**What you have to do:**
For the data below, retype word for word the lines from the one containing "Used 2024 GMC Terrain SLE image 25" through the one containing "2 bedroom terraced house to rent - Photo 6"; drop the pictures.

**Material for the task:**
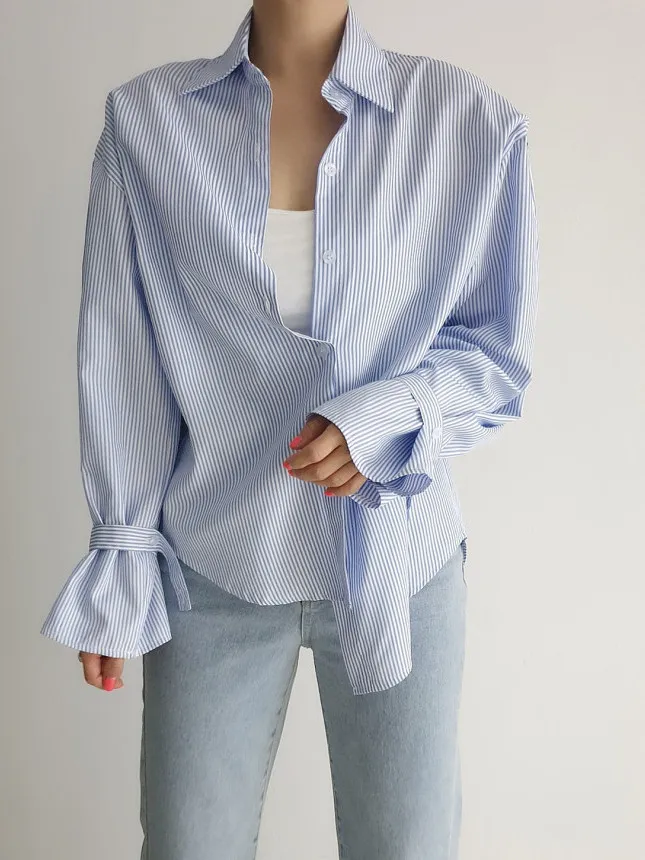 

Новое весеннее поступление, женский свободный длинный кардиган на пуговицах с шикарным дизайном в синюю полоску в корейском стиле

==

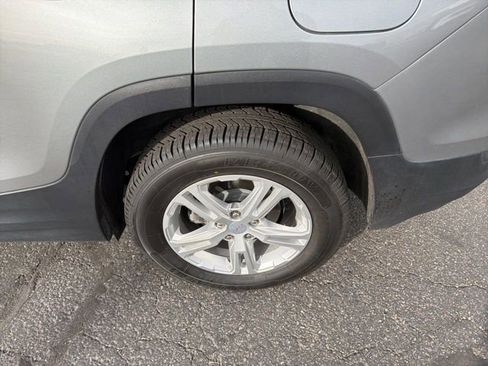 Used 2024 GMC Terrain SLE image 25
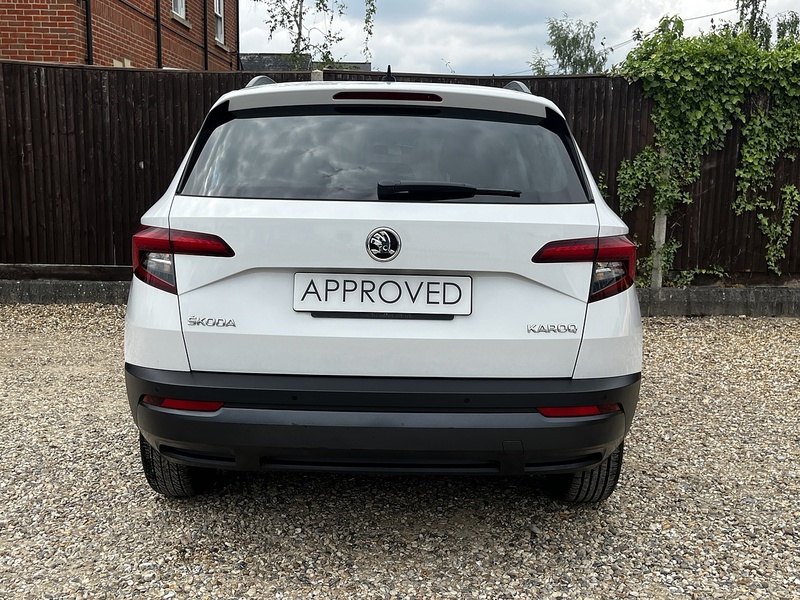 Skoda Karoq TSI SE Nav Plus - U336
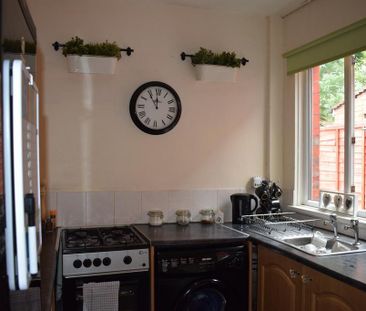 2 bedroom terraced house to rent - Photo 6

* * *

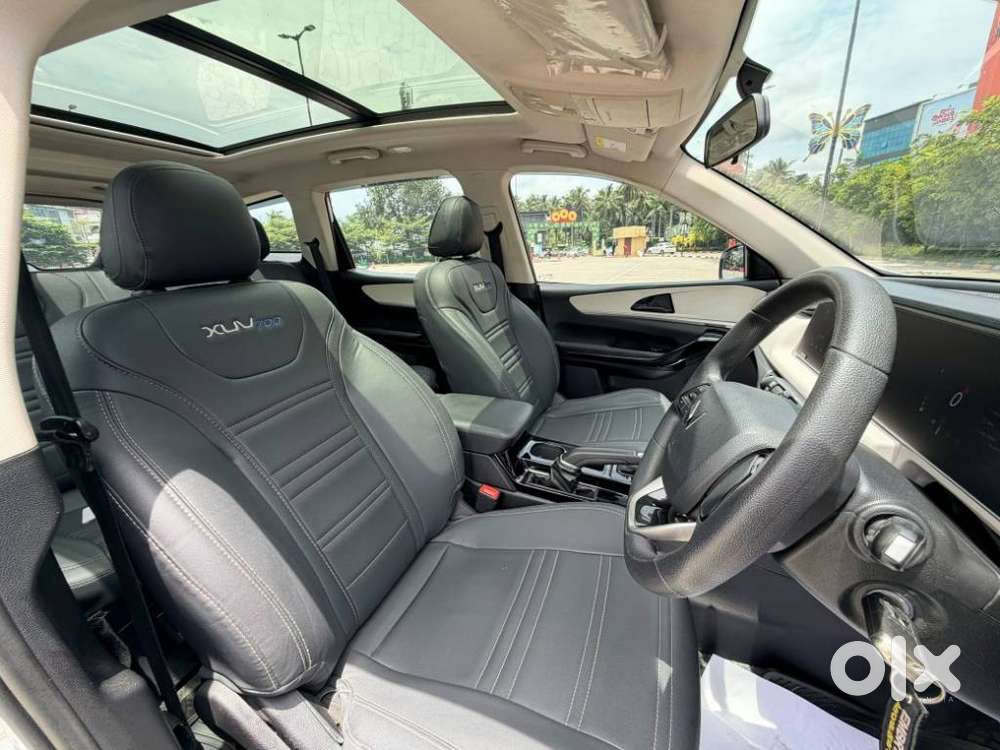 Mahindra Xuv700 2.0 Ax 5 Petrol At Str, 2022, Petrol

**Response area:**
 Used 2024 GMC Terrain SLE image 25
 Skoda Karoq TSI SE Nav Plus - U336
 2 bedroom terraced house to rent - Photo 6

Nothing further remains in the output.